How to complete this task:
A word-for-word copy of the data, with no images, is the required answer.

Crawled caption data:
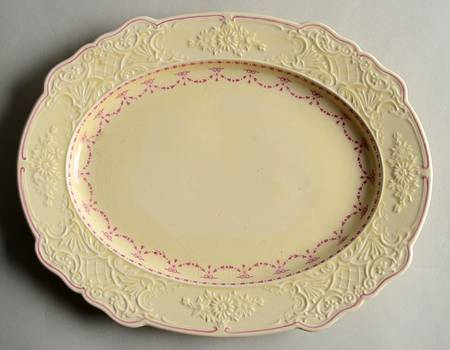 Empress 12" Oval Serving Platter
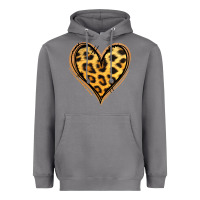 Storm gold glitter leopard heart Heavyweight Hoodie - Jasminsmagicworld
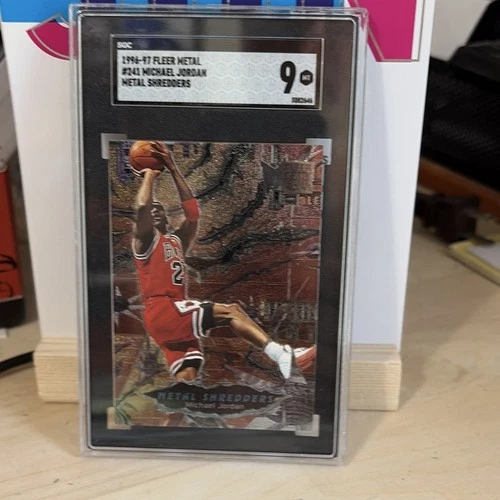 1996 Fleer Jordan SGC 9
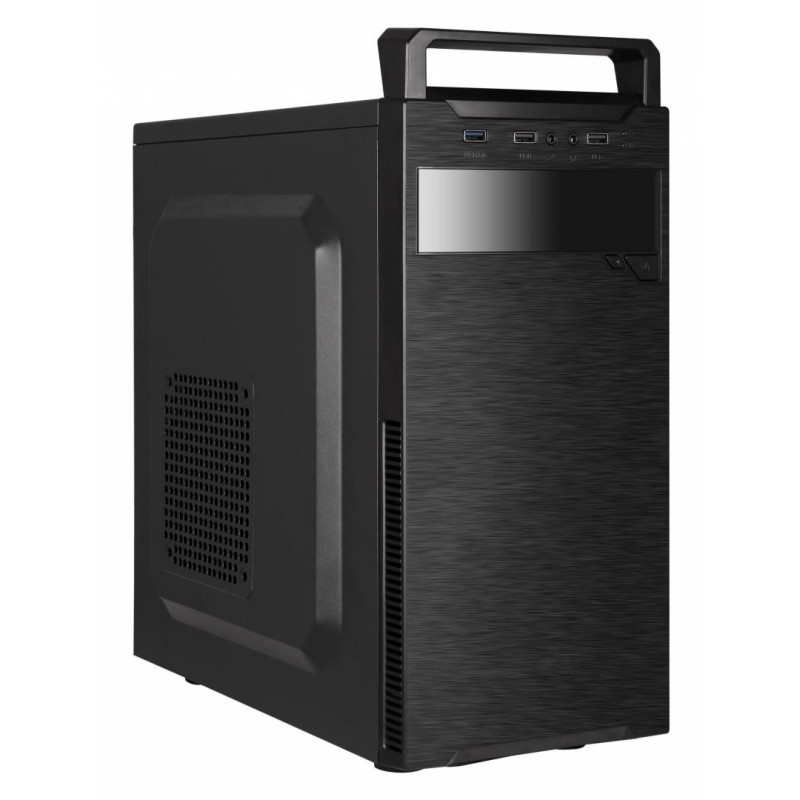 Carcasa rpc mb50uac sursa 500w middle tower atx 2xusb2.0 vent. opt.: spate 1x8cm lateral 1x12cm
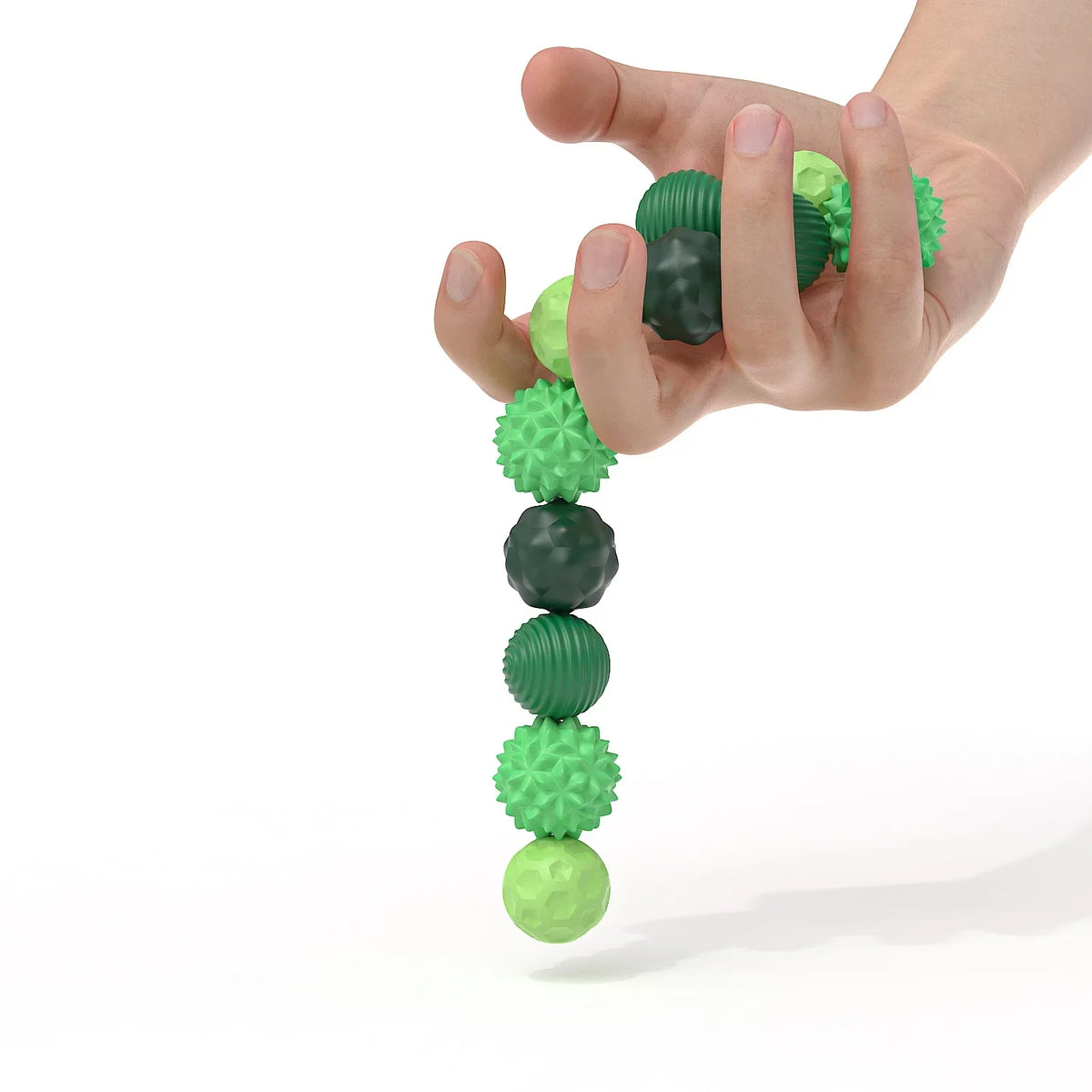 Magnetic Ball Fidget Toy Silicone Sensory Stress Relief - Tophatter Daily Deals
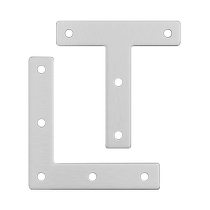 Stainless steel corner code 90 degree holder tl type triangle iron support frame load-bearing plate right angle connection piece chair accessories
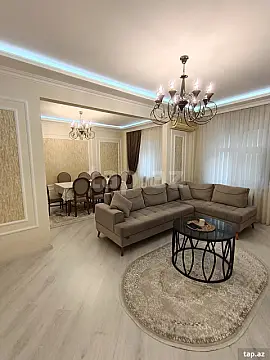 Satılır 4 otaqlı mənzil 100 m²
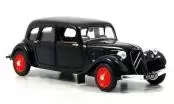 Voitures La Saga des TRACTION Citroën - Editions Atlas - Traction 11 familiale de 1938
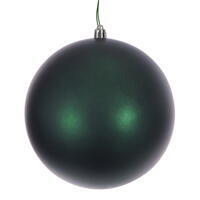 Vickerman Midnight Green Ball Ornament
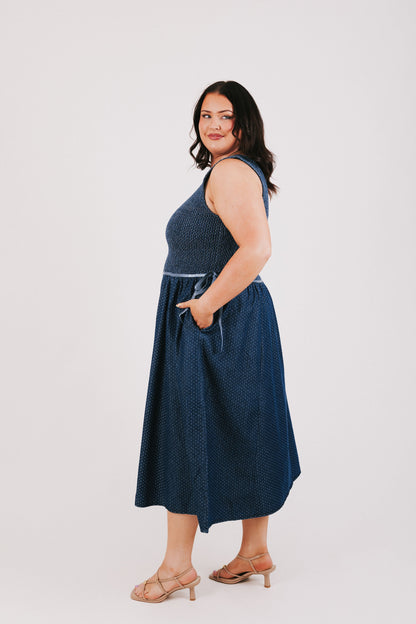 INCLUSIVE SIZING - Prairie Sky Dress
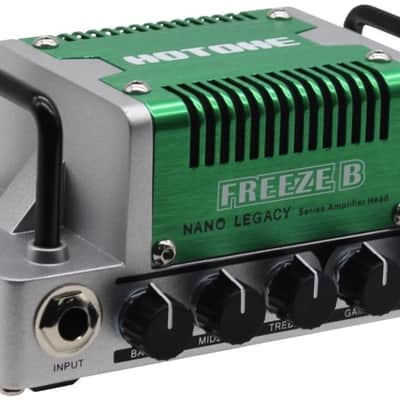 Hotone Nano Legacy Freeze B UK-style High-Gain 5W Micro Guitar Amp Head image 2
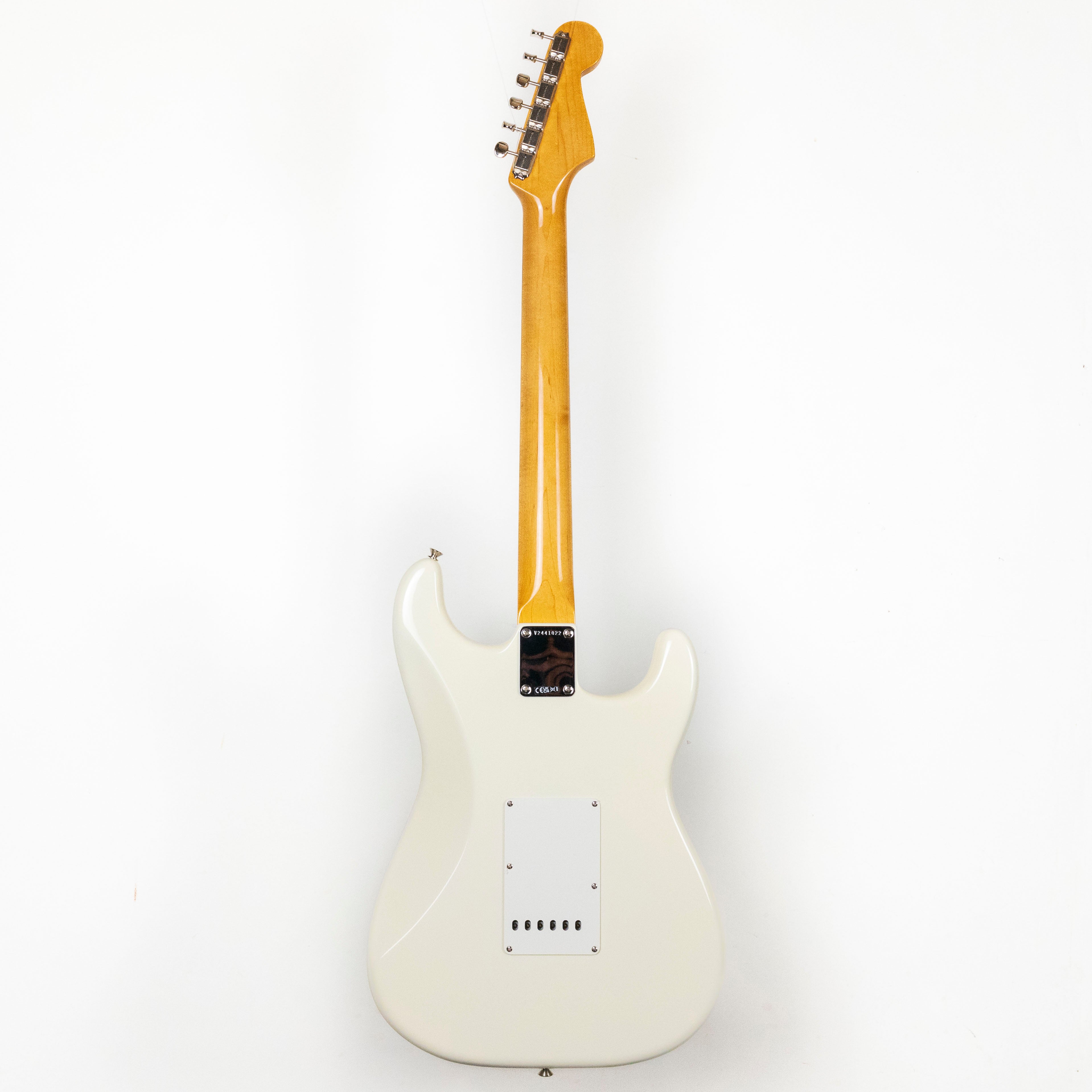 Fender American Vintage II 1961 Stratocaster Left-Hand, Olympic White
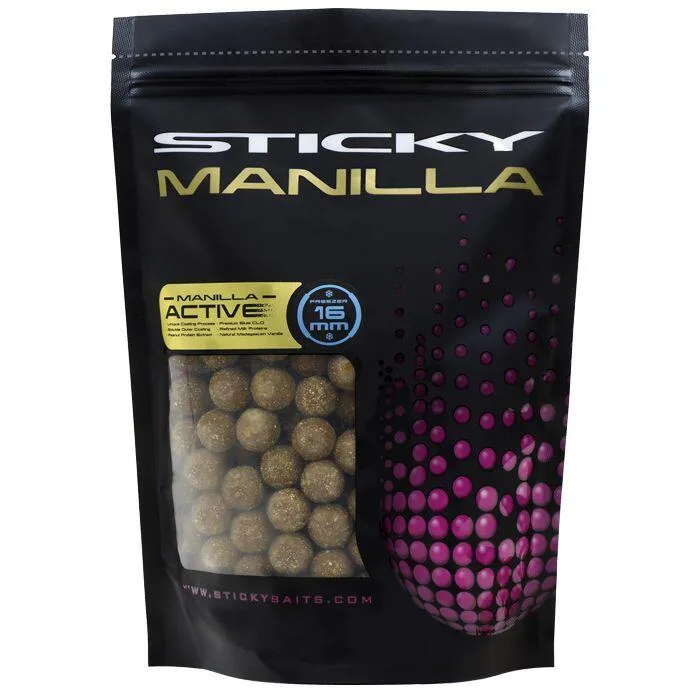 Sticky Manilla Active Freezer Boilie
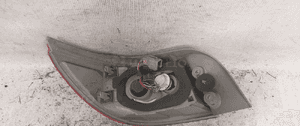 Tyl tylna lampa prawa mitsubishi colt Z30 cabrio 4
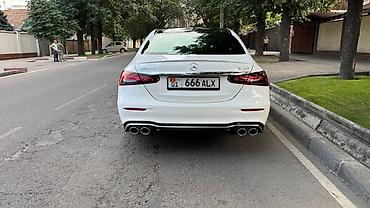 mersedes e class: Mercedes-Benz E-класс AMG: 2020 г., 3 л, Автомат, Бензин, Седан — 5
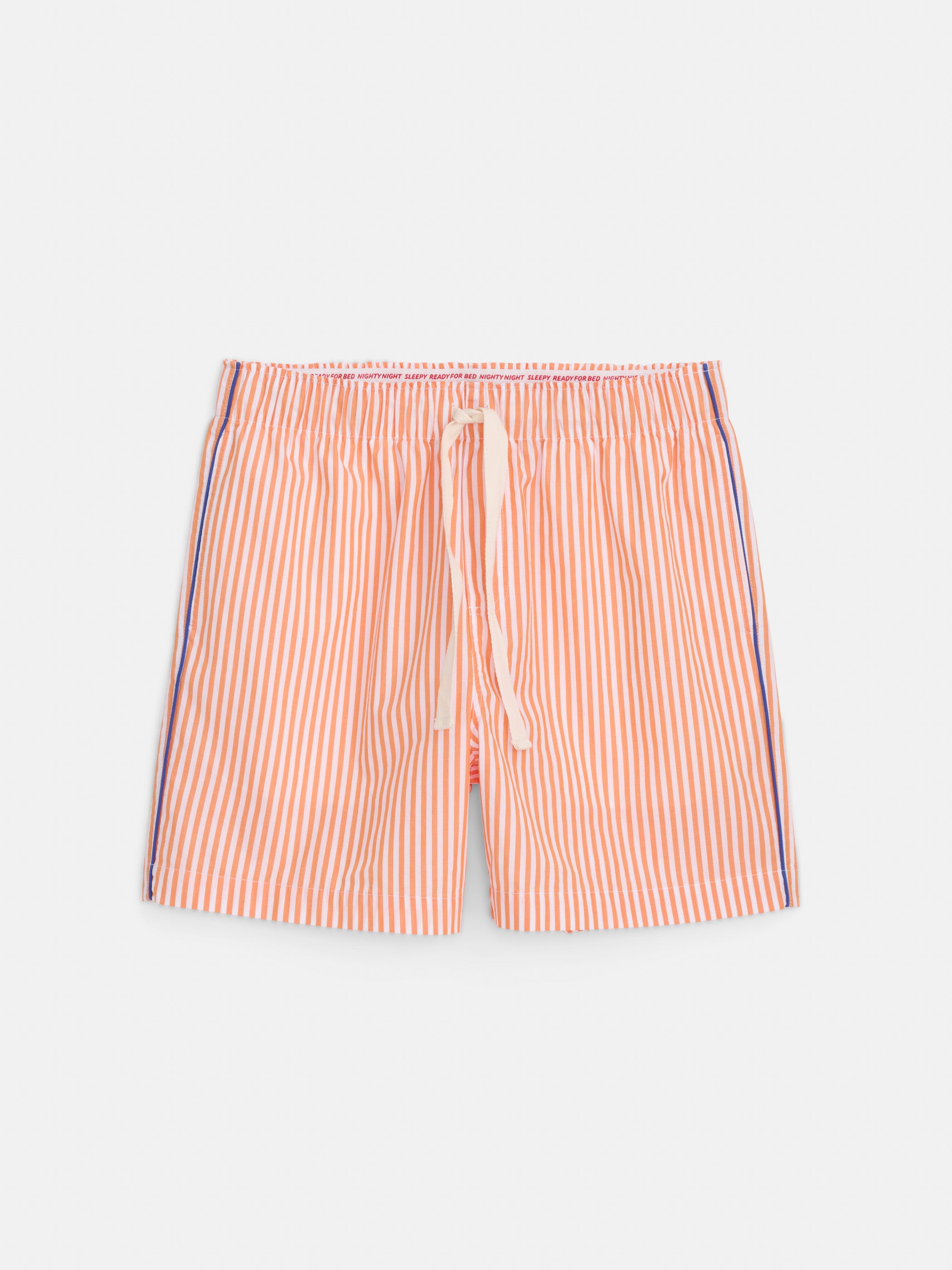 P'Jimmies Sleep Short In Stripe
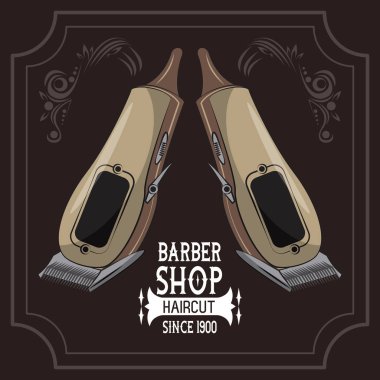 Berber vintage amblemi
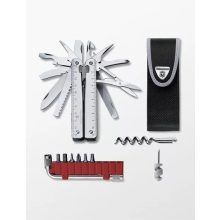 VICTORINOX SwissTool X Plus multiszerszám, gyöngyvászon tokkal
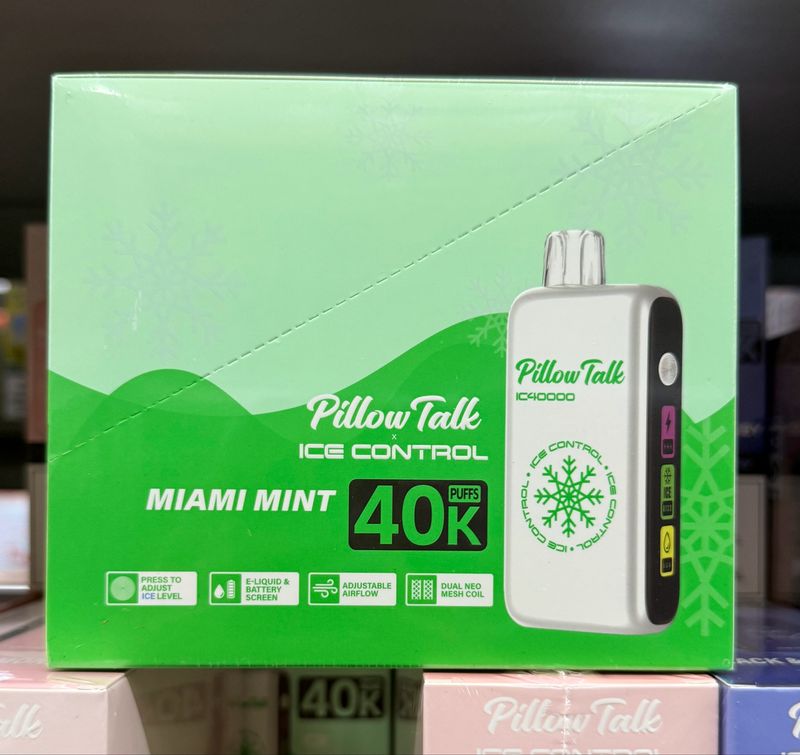 BOX PillowTalk Miami Mint - 40K Puffs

Result:
 Empress 12" Oval Serving Platter
 Storm gold glitter leopard heart Heavyweight Hoodie - Jasminsmagicworld
 1996 Fleer Jordan SGC 9
 Carcasa rpc mb50uac sursa 500w middle tower atx 2xusb2.0 vent. opt.: spate 1x8cm lateral 1x12cm
 Magnetic Ball Fidget Toy Silicone Sensory Stress Relief - Tophatter Daily Deals
 Stainless steel corner code 90 degree holder tl type triangle iron support frame load-bearing plate right angle connection piece chair accessories
 Satılır 4 otaqlı mənzil 100 m²
 Voitures La Saga des TRACTION Citroën - Editions Atlas - Traction 11 familiale de 1938
 Vickerman Midnight Green Ball Ornament
 INCLUSIVE SIZING - Prairie Sky Dress
 Hotone Nano Legacy Freeze B UK-style High-Gain 5W Micro Guitar Amp Head image 2
 Fender American Vintage II 1961 Stratocaster Left-Hand, Olympic White
 Sticky Manilla Active Freezer Boilie
 Tyl tylna lampa prawa mitsubishi colt Z30 cabrio 4
 mersedes e class: Mercedes-Benz E-класс AMG: 2020 г., 3 л, Автомат, Бензин, Седан — 5
 P'Jimmies Sleep Short In Stripe
 Berber vintage amblemi
 VICTORINOX SwissTool X Plus multiszerszám, gyöngyvászon tokkal
 BOX PillowTalk Miami Mint - 40K Puffs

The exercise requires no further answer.